Closed Marius1311 closed 7 months ago
Hi Marius, I think that you can use indel_colors
parameter, I usually provide an allele:color mapping object (e.g. dictionary) to determine the exact color I want. An easy way of getting a unique color for each allele is by using the colorhash package.
You can see an example here from my pipeline.
Edit: This is a very simple solution but you could additionally play with the saturation levels, for example, depending on the frequency of the barcode. I think somewhere in cassiopeia this was implemented, or at least used in one of the publications.
Hi @tzeitim, amazing, thanks for this workaround! I will play around with that.
The saturation level can be controlled by passing the indel_priors
argument, but then again colors change every time I call the function.
I would go about it the same way and manually do some sort of color arithmetic at the hsv level using the priors, as you point out.
Hi @Marius1311 and @tzeitim,
Thank you for this question and proposed solution. Indeed it appears that the random allele coloring assignment is not tied properly to the random state, I will look into this.
@tzeitim proposes the same solution I would (and has a nice code block as well - thanks!) whereby you can pass in specific color assignments via indel_colors
(not indel_priors
as you were proposing to use). To maintain functionality with conveying prior probability with color saturation, I would propose you actually use this function (pointing to cas.pl.utilities.get_indel_colors
) for generating the color map.
I will keep you posted about how I fix the random state issue you originally raised.
Thanks @mattjones315! Does the utility function you proposed take care of unedited cut sites already, i.e. making sure that these get a defined color like grey? The solution from @tzeitim did not work for me, I think because it only considered indels from r1
, so I quickly adapted it to take care of all cut sites, and to assign defined colors for unedited and missing cut sites:
def map_indel_to_color(clone_allele_table, kind = 'hsv', missing_color = "#808080", none_color = "#404040"):
'''
Utility function to create a set of colors for allele table plotting alongside the Cassiopeia lineage tree
Inspired by https://github.com/tzeitim/ogtk/blob/294ce1d4ec9c165284b10fcca43210471b9725ec/ogtk/ltr/shltr/pipeline.py#L101
'''
# get the unique set of indels across intBCs and cut sites
indels = [clone_allele_table[cut_site].values for cut_site in ['r1', 'r2', 'r3']]

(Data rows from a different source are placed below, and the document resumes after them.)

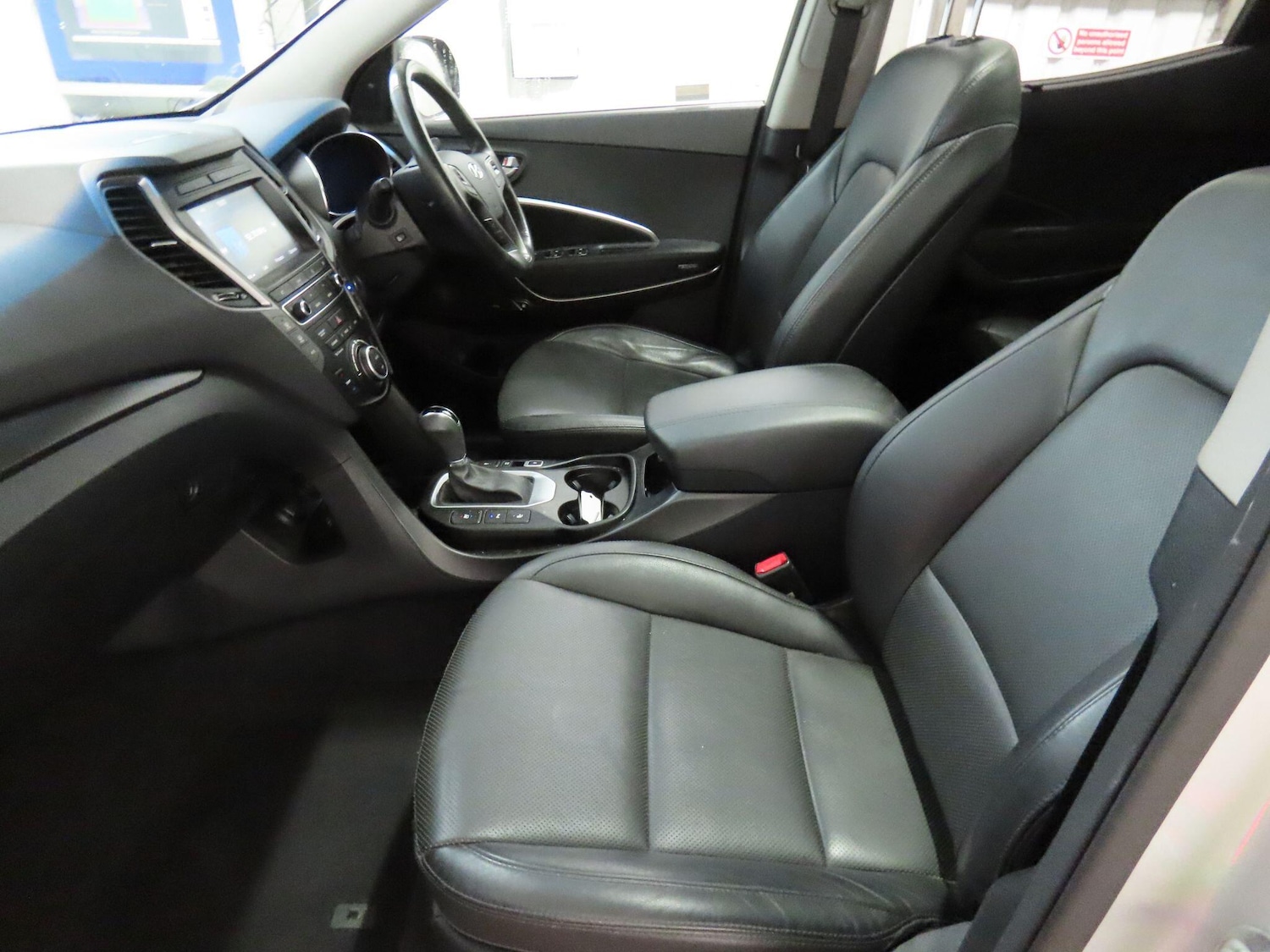 Used Hyundai Santa Fe for sale - 77784226: Photo 14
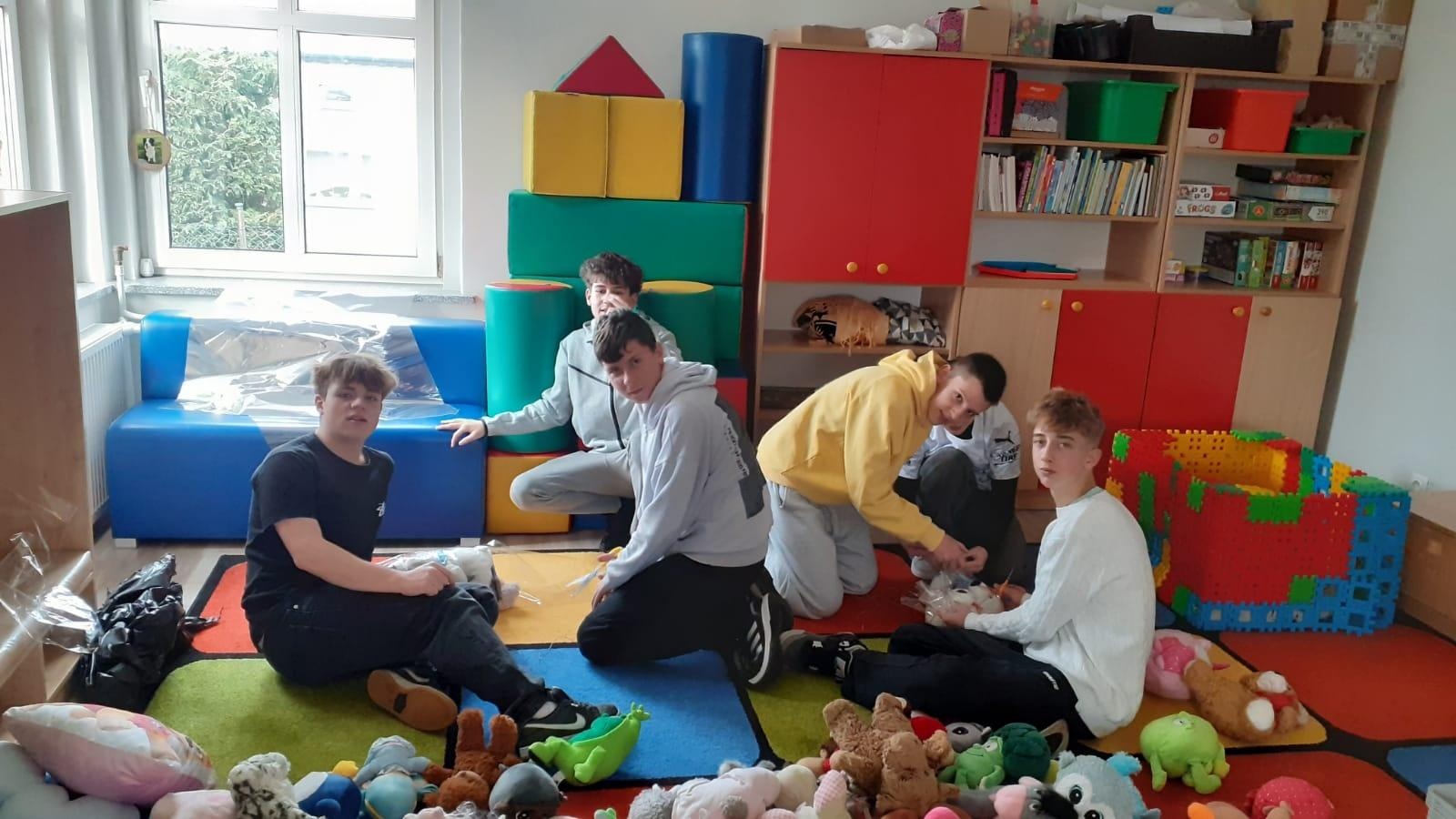 Zdjęcie w galerii na portalu naszraciborz.pl: Uczniowie SP14 w Raciborzu wsparli Dom Samotnej Matki świątecznymi upominkami wiadomości z regionu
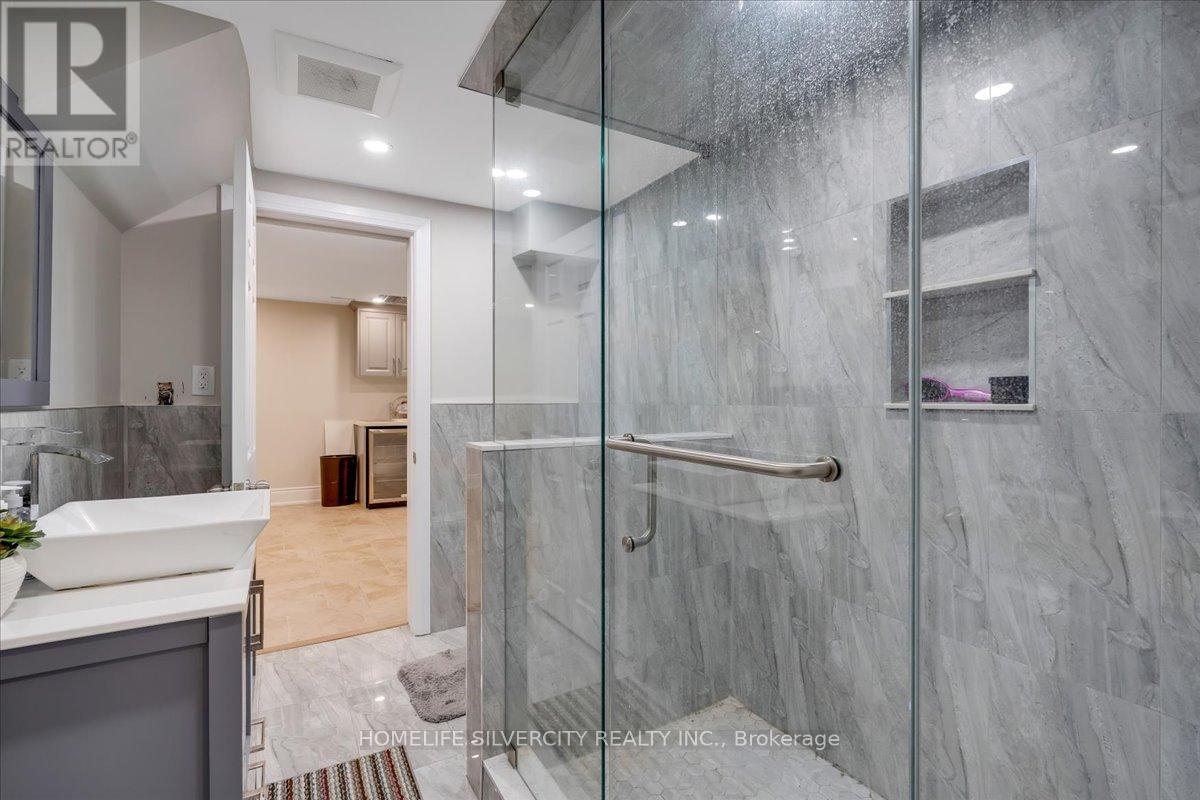 46 Treeline Boulevard, Brampton (Vales Of Castlemore), Ontario  L6P 1E4 - Photo 43 - W12291691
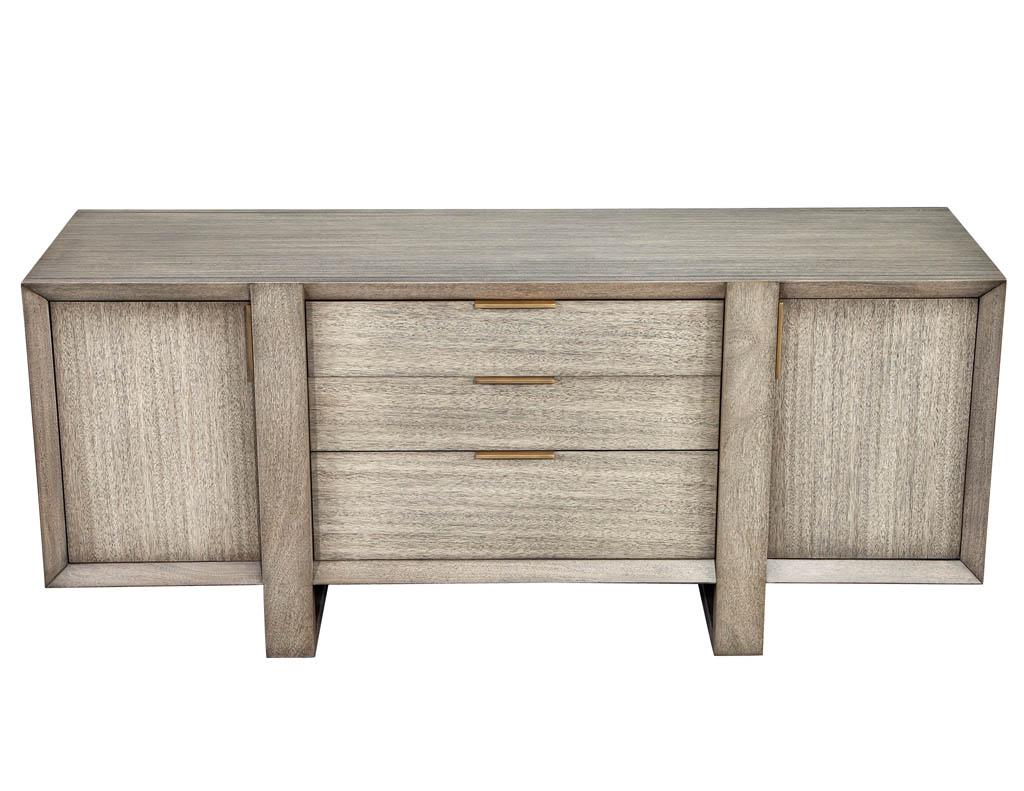 Modern Washed Finished Sideboard Barbara Barry Horizon Buffet In New Condition For Sale In North York, ON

all_indels = np.unique(np.concatenate(indels))
# initialize a DataFrame to hold the information
color_lookup = pd.DataFrame(all_indels, columns=['indel'])
# using the different types of color definitions, create color palettes
color_lookup['hex'] = color_lookup['indel'].map(lambda x: ColorHash(x).hex)

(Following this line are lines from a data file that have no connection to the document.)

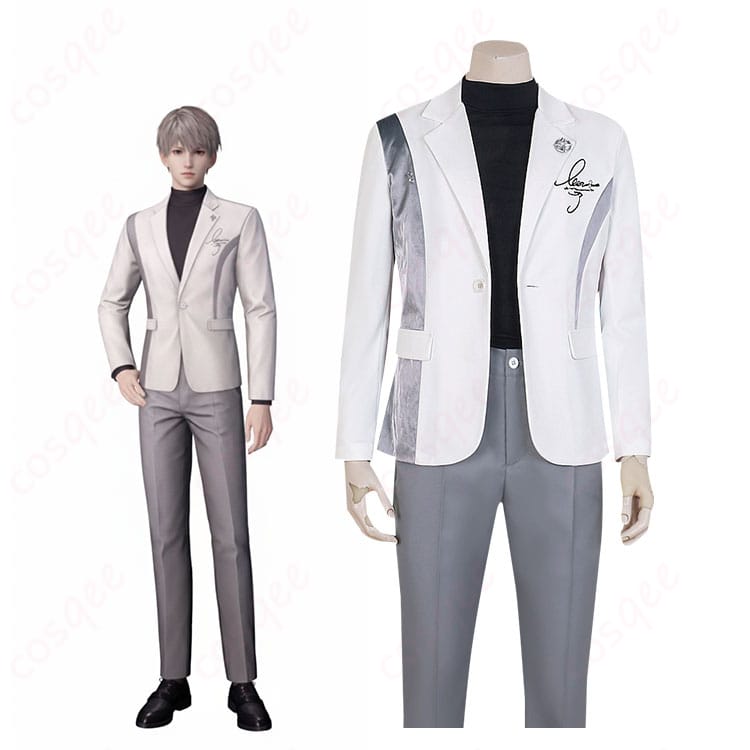 セイヤ 銀色の意志 コスプレ衣装を着用した全身イメージ。コートの直線的シルエットと胸元レタリングを強調。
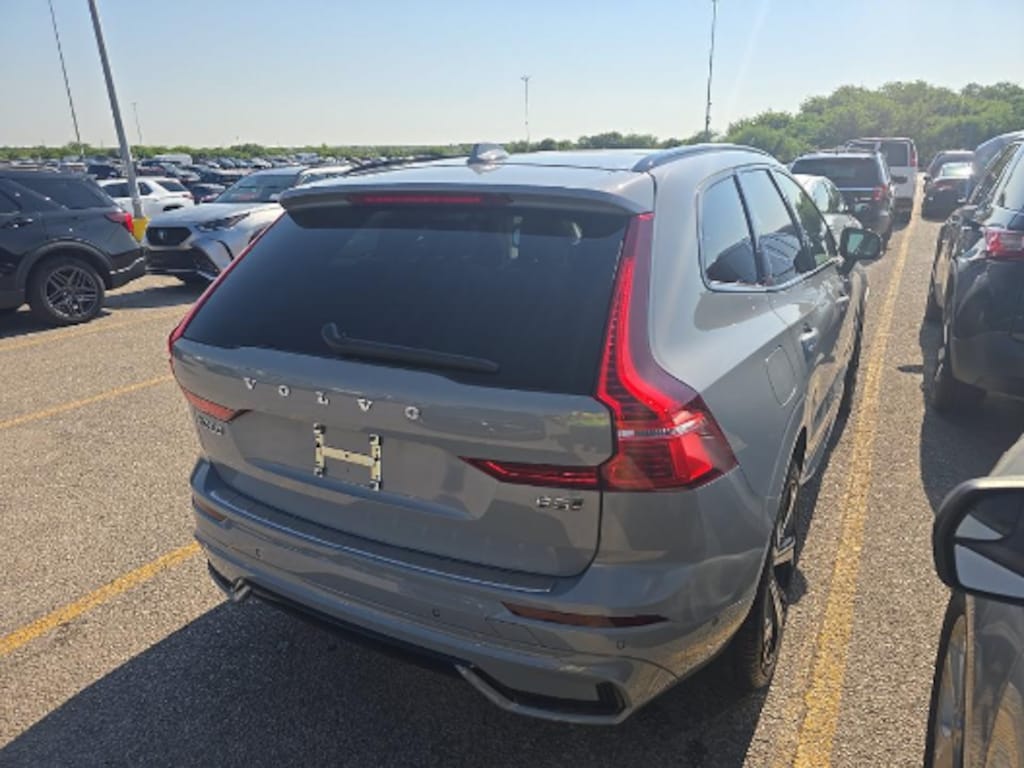 Used 2025 Volvo XC60 B5 Ultra SUV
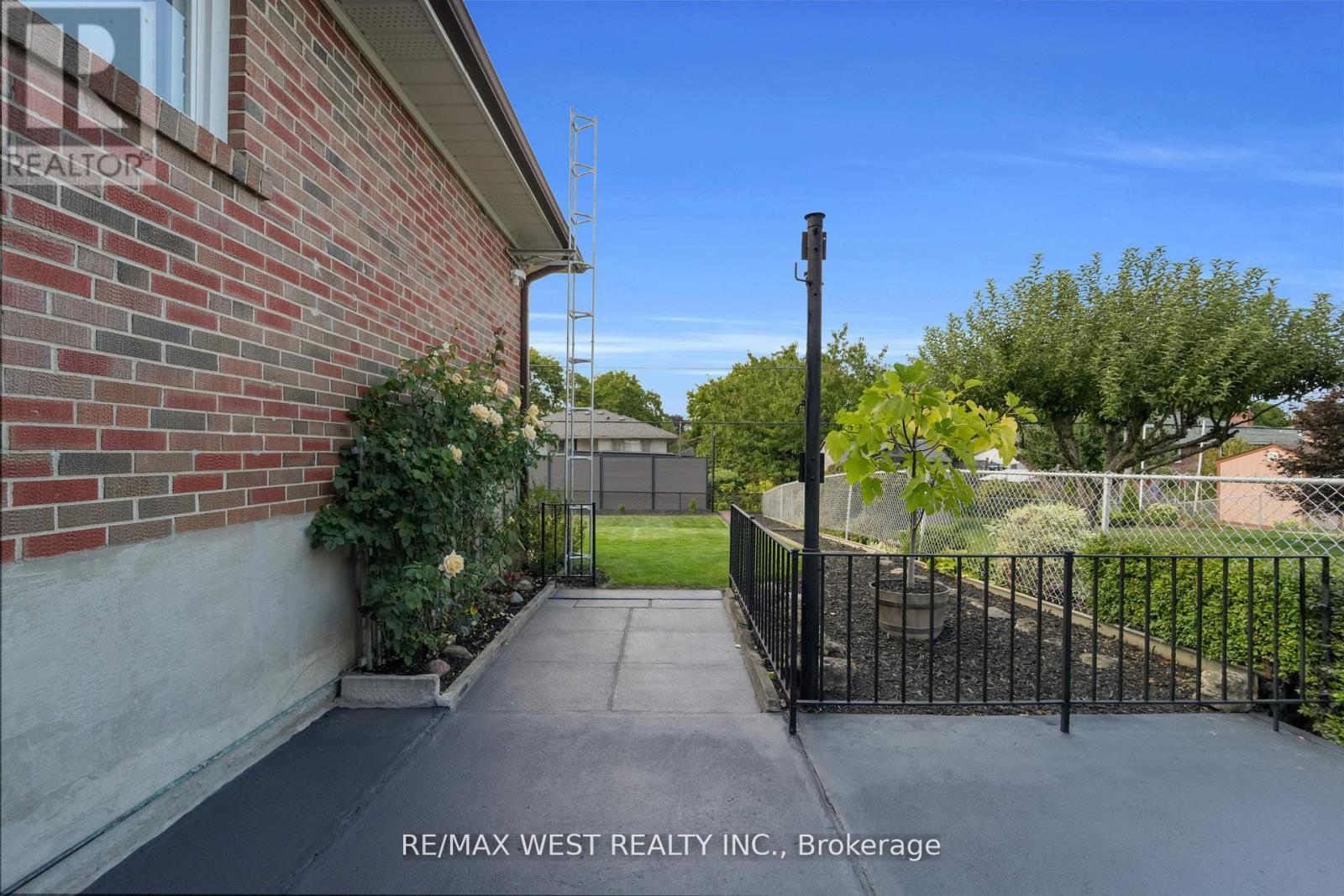 304 La Rose Avenue, Toronto, Ontario  M9P 1B9 - Photo 38 - W12956882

color_lookup['hsl'] = color_lookup['indel'].map(lambda x: ColorHash(x).hsl)
color_lookup['rgb'] = color_lookup['indel'].map(lambda x: tuple(np.array(ColorHash(x).rgb)/255))
# transform rgb to hsv
color_lookup['hsv'] = color_lookup['rgb'].map(lambda x: colorsys.rgb_to_hsv(*x))
# reset the index
color_lookup.set_index('indel', inplace=True)
# subset to the color kind requested, and rename
color_lookup = color_lookup.rename(columns={kind:'color'}).loc[:, ['color']]
# take care of special colors for missing data
if kind == 'hex':
missing_color_ = missing_color
none_color_ = none_color
elif kind in ['hsl', 'rgb', 'hsv']:
missing_color_rgb = mcolors.to_rgba(missing_color)[:3]
none_color_rgb = mcolors.to_rgba(none_color)[:3]
if kind == 'rgb':
missing_color_ = missing_color_rgb
none_color_ = none_color_rgb
elif kind == 'hsv':
missing_color_ = colorsys.rgb_to_hsv(*missing_color_rgb)
none_color_ = colorsys.rgb_to_hsv(*none_color_rgb)
elif kind == 'hsl':
missing_color_ = colorsys.rgb_to_hls(*missing_color_rgb)
none_color_ = colorsys.rgb_to_hls(*none_color_rgb)
else:
raise ValueError(f"Unknown color kind {kind}")
color_lookup.loc['Missing']['color'] = missing_color_
color_lookup.loc['None']['color'] = none_color_
return color_lookup
Hi @Marius1311, I forgot to mention that my cassette harbours only one cut-site per integration since it's tuned for self-homing guide RNAs. Glad to hear that you could generalise the function for your needs.
When calling
cas.pl.plot_matplotlib(cas_tree, add_root=True, allele_table=clone_allele_table, orient='right', random_state=0, )
, colors are not reproducible, i.e. different every time I call the function, even though I set the random state explicitly.